## INSTRUCTIONS FOR THE TASK
A faithful, complete copy of the entries is the sole expected answer.

INFORMATION GIVEN Start Marker

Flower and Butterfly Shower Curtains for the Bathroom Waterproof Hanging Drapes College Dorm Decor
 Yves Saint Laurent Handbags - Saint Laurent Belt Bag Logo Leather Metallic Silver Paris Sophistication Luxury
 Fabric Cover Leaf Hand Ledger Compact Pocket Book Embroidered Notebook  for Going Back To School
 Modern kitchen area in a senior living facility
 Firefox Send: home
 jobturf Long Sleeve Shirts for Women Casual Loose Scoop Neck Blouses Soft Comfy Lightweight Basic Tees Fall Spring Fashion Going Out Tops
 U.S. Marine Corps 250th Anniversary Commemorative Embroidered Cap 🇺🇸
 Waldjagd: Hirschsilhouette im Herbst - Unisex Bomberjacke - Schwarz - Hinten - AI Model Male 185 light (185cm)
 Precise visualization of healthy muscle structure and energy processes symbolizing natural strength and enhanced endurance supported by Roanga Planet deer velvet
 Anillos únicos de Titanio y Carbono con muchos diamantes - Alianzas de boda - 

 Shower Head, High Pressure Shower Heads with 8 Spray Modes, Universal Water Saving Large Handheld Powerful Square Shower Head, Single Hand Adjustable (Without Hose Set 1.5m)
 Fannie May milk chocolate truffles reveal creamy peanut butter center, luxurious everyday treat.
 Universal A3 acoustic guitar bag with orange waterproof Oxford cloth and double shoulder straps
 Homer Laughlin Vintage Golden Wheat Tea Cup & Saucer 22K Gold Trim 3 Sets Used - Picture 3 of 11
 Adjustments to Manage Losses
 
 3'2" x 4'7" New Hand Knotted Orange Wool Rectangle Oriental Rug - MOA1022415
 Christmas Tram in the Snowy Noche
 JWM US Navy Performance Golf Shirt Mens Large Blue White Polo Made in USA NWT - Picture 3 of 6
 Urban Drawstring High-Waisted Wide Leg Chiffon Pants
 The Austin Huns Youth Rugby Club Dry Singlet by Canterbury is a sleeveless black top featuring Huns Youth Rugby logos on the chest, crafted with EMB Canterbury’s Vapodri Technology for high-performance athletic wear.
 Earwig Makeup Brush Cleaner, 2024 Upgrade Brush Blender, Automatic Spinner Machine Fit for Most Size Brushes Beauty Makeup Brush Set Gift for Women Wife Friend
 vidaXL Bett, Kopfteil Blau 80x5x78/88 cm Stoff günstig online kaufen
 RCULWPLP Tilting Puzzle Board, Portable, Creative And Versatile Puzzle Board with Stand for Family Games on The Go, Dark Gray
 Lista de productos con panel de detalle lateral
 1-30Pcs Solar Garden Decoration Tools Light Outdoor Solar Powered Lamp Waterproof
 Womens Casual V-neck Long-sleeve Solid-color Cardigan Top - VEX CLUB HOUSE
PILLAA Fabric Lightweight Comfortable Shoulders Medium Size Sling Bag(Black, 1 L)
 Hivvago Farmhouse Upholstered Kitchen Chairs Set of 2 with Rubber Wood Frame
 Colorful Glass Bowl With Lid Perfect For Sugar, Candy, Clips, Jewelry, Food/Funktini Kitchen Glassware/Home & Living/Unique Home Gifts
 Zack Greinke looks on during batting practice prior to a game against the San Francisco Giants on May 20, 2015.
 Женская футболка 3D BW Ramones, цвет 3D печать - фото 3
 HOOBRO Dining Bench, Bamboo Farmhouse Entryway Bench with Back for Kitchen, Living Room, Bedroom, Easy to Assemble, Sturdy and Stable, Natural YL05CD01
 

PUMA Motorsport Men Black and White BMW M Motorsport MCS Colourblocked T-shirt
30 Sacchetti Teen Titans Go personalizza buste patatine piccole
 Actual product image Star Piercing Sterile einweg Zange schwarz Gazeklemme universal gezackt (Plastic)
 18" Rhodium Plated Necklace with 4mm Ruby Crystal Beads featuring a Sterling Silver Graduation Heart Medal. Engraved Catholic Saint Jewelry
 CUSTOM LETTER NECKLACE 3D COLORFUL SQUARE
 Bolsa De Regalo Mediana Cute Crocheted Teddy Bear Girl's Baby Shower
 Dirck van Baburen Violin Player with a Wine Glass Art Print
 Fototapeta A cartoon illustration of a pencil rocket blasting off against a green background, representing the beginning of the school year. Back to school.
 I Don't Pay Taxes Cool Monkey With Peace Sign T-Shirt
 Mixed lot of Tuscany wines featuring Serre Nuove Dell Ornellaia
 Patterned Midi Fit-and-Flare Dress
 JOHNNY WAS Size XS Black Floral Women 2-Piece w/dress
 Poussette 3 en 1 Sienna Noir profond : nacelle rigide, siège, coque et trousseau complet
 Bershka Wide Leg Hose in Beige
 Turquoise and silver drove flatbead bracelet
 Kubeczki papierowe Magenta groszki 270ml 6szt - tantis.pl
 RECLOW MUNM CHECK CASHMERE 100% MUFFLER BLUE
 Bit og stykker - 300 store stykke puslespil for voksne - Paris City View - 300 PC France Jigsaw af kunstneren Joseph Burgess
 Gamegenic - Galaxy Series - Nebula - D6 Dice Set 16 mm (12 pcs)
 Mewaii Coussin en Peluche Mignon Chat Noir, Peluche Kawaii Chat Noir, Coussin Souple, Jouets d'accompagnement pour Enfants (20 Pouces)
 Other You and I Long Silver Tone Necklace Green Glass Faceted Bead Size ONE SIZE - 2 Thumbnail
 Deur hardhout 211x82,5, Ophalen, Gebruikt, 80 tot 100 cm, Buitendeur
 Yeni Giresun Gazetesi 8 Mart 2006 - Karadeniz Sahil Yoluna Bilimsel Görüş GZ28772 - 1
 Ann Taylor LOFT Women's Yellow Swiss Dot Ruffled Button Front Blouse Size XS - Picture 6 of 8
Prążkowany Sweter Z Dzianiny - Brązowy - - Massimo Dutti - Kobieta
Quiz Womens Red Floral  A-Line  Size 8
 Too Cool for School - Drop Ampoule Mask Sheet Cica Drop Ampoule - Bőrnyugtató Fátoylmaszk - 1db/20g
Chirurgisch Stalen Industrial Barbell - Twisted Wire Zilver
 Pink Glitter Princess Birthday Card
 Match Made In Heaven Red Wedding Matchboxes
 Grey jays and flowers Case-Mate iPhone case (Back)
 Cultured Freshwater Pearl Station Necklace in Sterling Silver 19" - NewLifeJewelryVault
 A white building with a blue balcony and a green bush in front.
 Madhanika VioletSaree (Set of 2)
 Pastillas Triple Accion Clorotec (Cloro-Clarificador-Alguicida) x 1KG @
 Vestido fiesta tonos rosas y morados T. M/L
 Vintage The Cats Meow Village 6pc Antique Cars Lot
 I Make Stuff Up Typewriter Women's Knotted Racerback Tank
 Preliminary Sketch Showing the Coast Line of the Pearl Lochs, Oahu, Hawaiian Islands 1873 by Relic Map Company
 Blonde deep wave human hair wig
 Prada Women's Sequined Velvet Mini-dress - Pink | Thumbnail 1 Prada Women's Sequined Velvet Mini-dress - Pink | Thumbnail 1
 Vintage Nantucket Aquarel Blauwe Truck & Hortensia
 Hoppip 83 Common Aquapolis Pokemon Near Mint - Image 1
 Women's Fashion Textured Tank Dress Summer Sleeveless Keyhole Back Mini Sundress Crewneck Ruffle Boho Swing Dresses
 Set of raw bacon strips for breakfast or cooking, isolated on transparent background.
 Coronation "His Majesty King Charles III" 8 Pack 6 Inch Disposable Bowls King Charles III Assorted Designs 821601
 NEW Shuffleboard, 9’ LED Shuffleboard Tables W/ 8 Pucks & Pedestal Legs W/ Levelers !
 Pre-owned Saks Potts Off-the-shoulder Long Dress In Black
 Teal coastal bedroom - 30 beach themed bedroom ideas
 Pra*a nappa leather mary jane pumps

INFORMATION GIVEN End Marker

## ANSWER FOR THIS EXERCISE
Flower and Butterfly Shower Curtains for the Bathroom Waterproof Hanging Drapes College Dorm Decor
 Yves Saint Laurent Handbags - Saint Laurent Belt Bag Logo Leather Metallic Silver Paris Sophistication Luxury
 Fabric Cover Leaf Hand Ledger Compact Pocket Book Embroidered Notebook  for Going Back To School
 Modern kitchen area in a senior living facility
 Firefox Send: home
 jobturf Long Sleeve Shirts for Women Casual Loose Scoop Neck Blouses Soft Comfy Lightweight Basic Tees Fall Spring Fashion Going Out Tops
 U.S. Marine Corps 250th Anniversary Commemorative Embroidered Cap 🇺🇸
 Waldjagd: Hirschsilhouette im Herbst - Unisex Bomberjacke - Schwarz - Hinten - AI Model Male 185 light (185cm)
 Precise visualization of healthy muscle structure and energy processes symbolizing natural strength and enhanced endurance supported by Roanga Planet deer velvet
 Anillos únicos de Titanio y Carbono con muchos diamantes - Alianzas de boda - 

 Shower Head, High Pressure Shower Heads with 8 Spray Modes, Universal Water Saving Large Handheld Powerful Square Shower Head, Single Hand Adjustable (Without Hose Set 1.5m)
 Fannie May milk chocolate truffles reveal creamy peanut butter center, luxurious everyday treat.
 Universal A3 acoustic guitar bag with orange waterproof Oxford cloth and double shoulder straps
 Homer Laughlin Vintage Golden Wheat Tea Cup & Saucer 22K Gold Trim 3 Sets Used - Picture 3 of 11
 Adjustments to Manage Losses
 
 3'2" x 4'7" New Hand Knotted Orange Wool Rectangle Oriental Rug - MOA1022415
 Christmas Tram in the Snowy Noche
 JWM US Navy Performance Golf Shirt Mens Large Blue White Polo Made in USA NWT - Picture 3 of 6
 Urban Drawstring High-Waisted Wide Leg Chiffon Pants
 The Austin Huns Youth Rugby Club Dry Singlet by Canterbury is a sleeveless black top featuring Huns Youth Rugby logos on the chest, crafted with EMB Canterbury’s Vapodri Technology for high-performance athletic wear.
 Earwig Makeup Brush Cleaner, 2024 Upgrade Brush Blender, Automatic Spinner Machine Fit for Most Size Brushes Beauty Makeup Brush Set Gift for Women Wife Friend
 vidaXL Bett, Kopfteil Blau 80x5x78/88 cm Stoff günstig online kaufen
 RCULWPLP Tilting Puzzle Board, Portable, Creative And Versatile Puzzle Board with Stand for Family Games on The Go, Dark Gray
 Lista de productos con panel de detalle lateral
 1-30Pcs Solar Garden Decoration Tools Light Outdoor Solar Powered Lamp Waterproof
 Womens Casual V-neck Long-sleeve Solid-color Cardigan Top - VEX CLUB HOUSE
PILLAA Fabric Lightweight Comfortable Shoulders Medium Size Sling Bag(Black, 1 L)
 Hivvago Farmhouse Upholstered Kitchen Chairs Set of 2 with Rubber Wood Frame
 Colorful Glass Bowl With Lid Perfect For Sugar, Candy, Clips, Jewelry, Food/Funktini Kitchen Glassware/Home & Living/Unique Home Gifts
 Zack Greinke looks on during batting practice prior to a game against the San Francisco Giants on May 20, 2015.
 Женская футболка 3D BW Ramones, цвет 3D печать - фото 3
 HOOBRO Dining Bench, Bamboo Farmhouse Entryway Bench with Back for Kitchen, Living Room, Bedroom, Easy to Assemble, Sturdy and Stable, Natural YL05CD01
 

PUMA Motorsport Men Black and White BMW M Motorsport MCS Colourblocked T-shirt
30 Sacchetti Teen Titans Go personalizza buste patatine piccole
 Actual product image Star Piercing Sterile einweg Zange schwarz Gazeklemme universal gezackt (Plastic)
 18" Rhodium Plated Necklace with 4mm Ruby Crystal Beads featuring a Sterling Silver Graduation Heart Medal. Engraved Catholic Saint Jewelry
 CUSTOM LETTER NECKLACE 3D COLORFUL SQUARE
 Bolsa De Regalo Mediana Cute Crocheted Teddy Bear Girl's Baby Shower
 Dirck van Baburen Violin Player with a Wine Glass Art Print
 Fototapeta A cartoon illustration of a pencil rocket blasting off against a green background, representing the beginning of the school year. Back to school.
 I Don't Pay Taxes Cool Monkey With Peace Sign T-Shirt
 Mixed lot of Tuscany wines featuring Serre Nuove Dell Ornellaia
 Patterned Midi Fit-and-Flare Dress
 JOHNNY WAS Size XS Black Floral Women 2-Piece w/dress
 Poussette 3 en 1 Sienna Noir profond : nacelle rigide, siège, coque et trousseau complet
 Bershka Wide Leg Hose in Beige
 Turquoise and silver drove flatbead bracelet
 Kubeczki papierowe Magenta groszki 270ml 6szt - tantis.pl
 RECLOW MUNM CHECK CASHMERE 100% MUFFLER BLUE
 Bit og stykker - 300 store stykke puslespil for voksne - Paris City View - 300 PC France Jigsaw af kunstneren Joseph Burgess
 Gamegenic - Galaxy Series - Nebula - D6 Dice Set 16 mm (12 pcs)
 Mewaii Coussin en Peluche Mignon Chat Noir, Peluche Kawaii Chat Noir, Coussin Souple, Jouets d'accompagnement pour Enfants (20 Pouces)
 Other You and I Long Silver Tone Necklace Green Glass Faceted Bead Size ONE SIZE - 2 Thumbnail
 Deur hardhout 211x82,5, Ophalen, Gebruikt, 80 tot 100 cm, Buitendeur
 Yeni Giresun Gazetesi 8 Mart 2006 - Karadeniz Sahil Yoluna Bilimsel Görüş GZ28772 - 1
 Ann Taylor LOFT Women's Yellow Swiss Dot Ruffled Button Front Blouse Size XS - Picture 6 of 8
Prążkowany Sweter Z Dzianiny - Brązowy - - Massimo Dutti - Kobieta
Quiz Womens Red Floral  A-Line  Size 8
 Too Cool for School - Drop Ampoule Mask Sheet Cica Drop Ampoule - Bőrnyugtató Fátoylmaszk - 1db/20g
Chirurgisch Stalen Industrial Barbell - Twisted Wire Zilver
 Pink Glitter Princess Birthday Card
 Match Made In Heaven Red Wedding Matchboxes
 Grey jays and flowers Case-Mate iPhone case (Back)
 Cultured Freshwater Pearl Station Necklace in Sterling Silver 19" - NewLifeJewelryVault
 A white building with a blue balcony and a green bush in front.
 Madhanika VioletSaree (Set of 2)
 Pastillas Triple Accion Clorotec (Cloro-Clarificador-Alguicida) x 1KG @
 Vestido fiesta tonos rosas y morados T. M/L
 Vintage The Cats Meow Village 6pc Antique Cars Lot
 I Make Stuff Up Typewriter Women's Knotted Racerback Tank
 Preliminary Sketch Showing the Coast Line of the Pearl Lochs, Oahu, Hawaiian Islands 1873 by Relic Map Company
 Blonde deep wave human hair wig
 Prada Women's Sequined Velvet Mini-dress - Pink | Thumbnail 1 Prada Women's Sequined Velvet Mini-dress - Pink | Thumbnail 1
 Vintage Nantucket Aquarel Blauwe Truck & Hortensia
 Hoppip 83 Common Aquapolis Pokemon Near Mint - Image 1
 Women's Fashion Textured Tank Dress Summer Sleeveless Keyhole Back Mini Sundress Crewneck Ruffle Boho Swing Dresses
 Set of raw bacon strips for breakfast or cooking, isolated on transparent background.
 Coronation "His Majesty King Charles III" 8 Pack 6 Inch Disposable Bowls King Charles III Assorted Designs 821601
 NEW Shuffleboard, 9’ LED Shuffleboard Tables W/ 8 Pucks & Pedestal Legs W/ Levelers !
 Pre-owned Saks Potts Off-the-shoulder Long Dress In Black
 Teal coastal bedroom - 30 beach themed bedroom ideas
 Pra*a nappa leather mary jane pumps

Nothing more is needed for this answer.